= Your task =
From the listing below, reproduce exactly the lines starting with the one with "Carreau Lampe À" and going on through the one with "Brass Pooja Thalis", both ends kept. No picture is copied.

= Dataset excerpts =
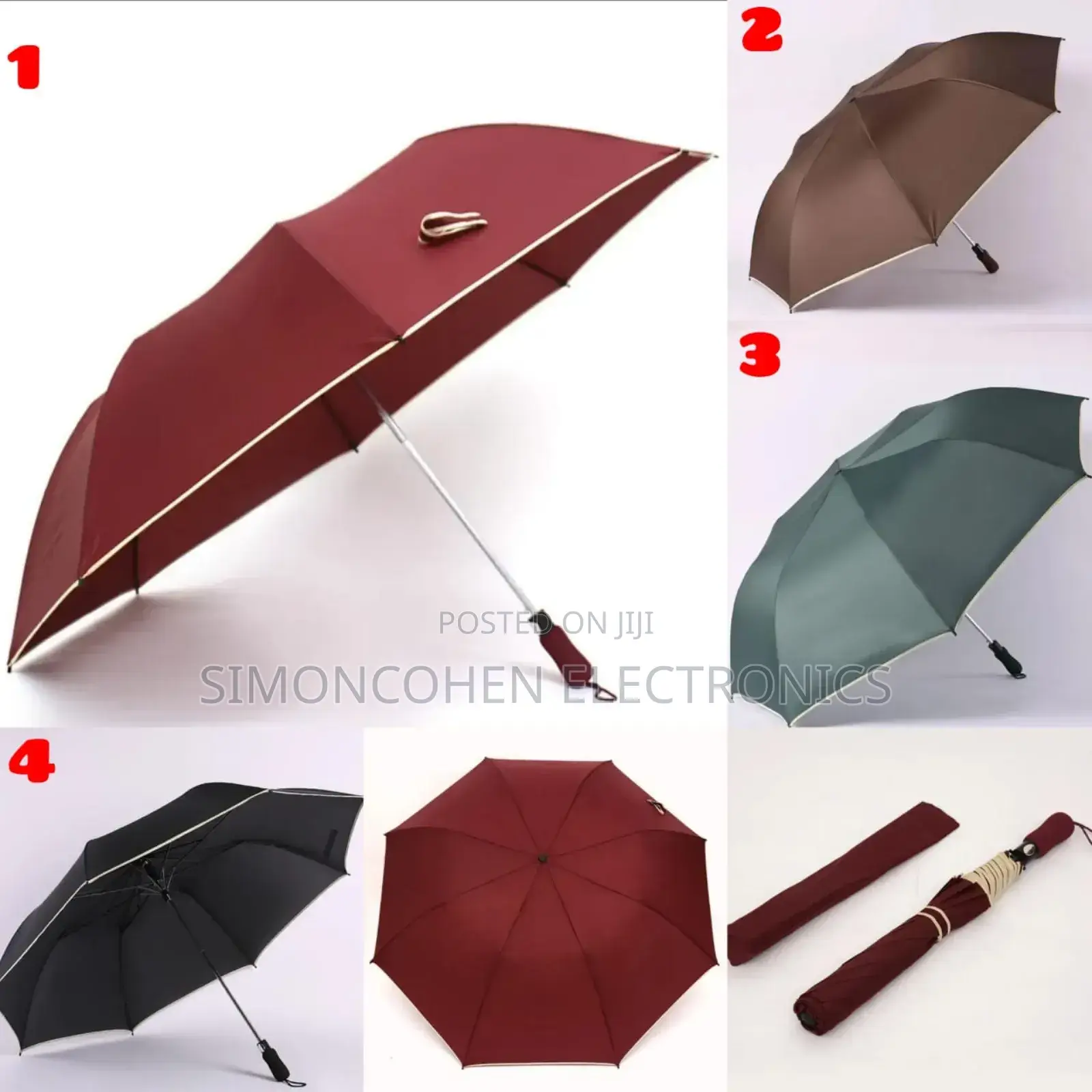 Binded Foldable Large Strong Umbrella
--
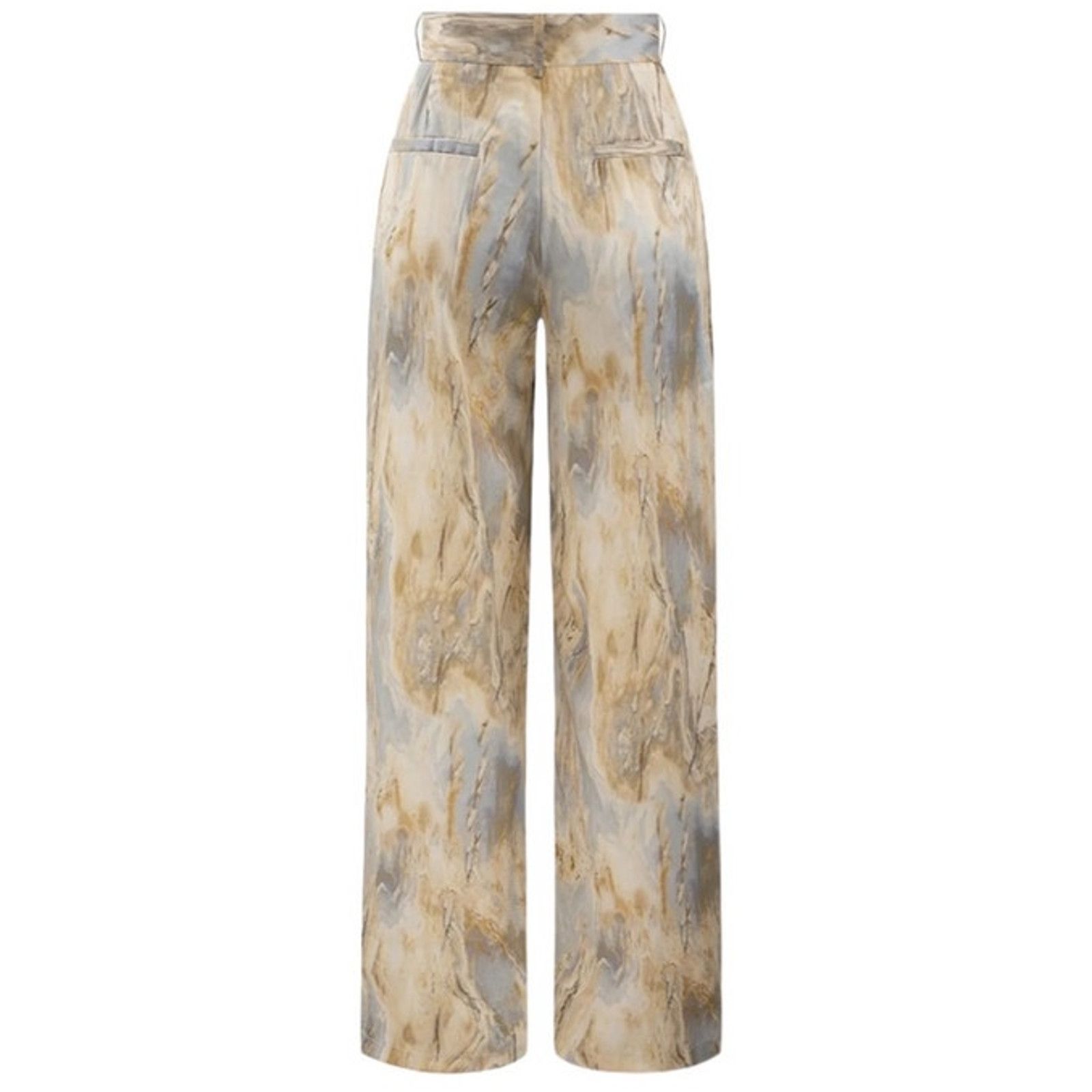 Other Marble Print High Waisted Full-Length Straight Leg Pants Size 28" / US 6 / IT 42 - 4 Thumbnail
...
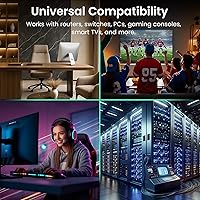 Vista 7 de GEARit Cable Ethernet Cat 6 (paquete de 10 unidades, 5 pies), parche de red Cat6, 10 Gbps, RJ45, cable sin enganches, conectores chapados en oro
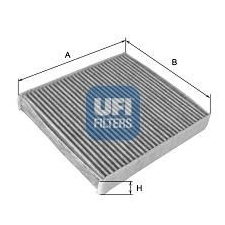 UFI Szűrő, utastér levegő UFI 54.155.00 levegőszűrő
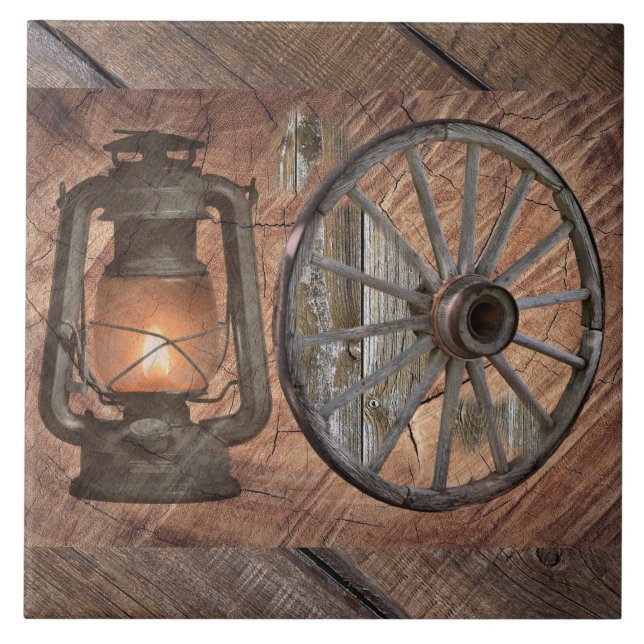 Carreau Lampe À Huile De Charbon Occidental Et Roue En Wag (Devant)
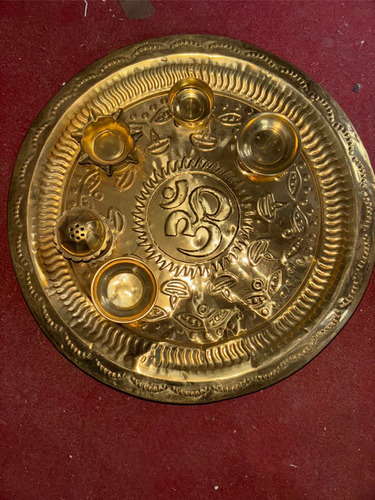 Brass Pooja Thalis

= Written answer =
 Carreau Lampe À Huile De Charbon Occidental Et Roue En Wag (Devant)
 Brass Pooja Thalis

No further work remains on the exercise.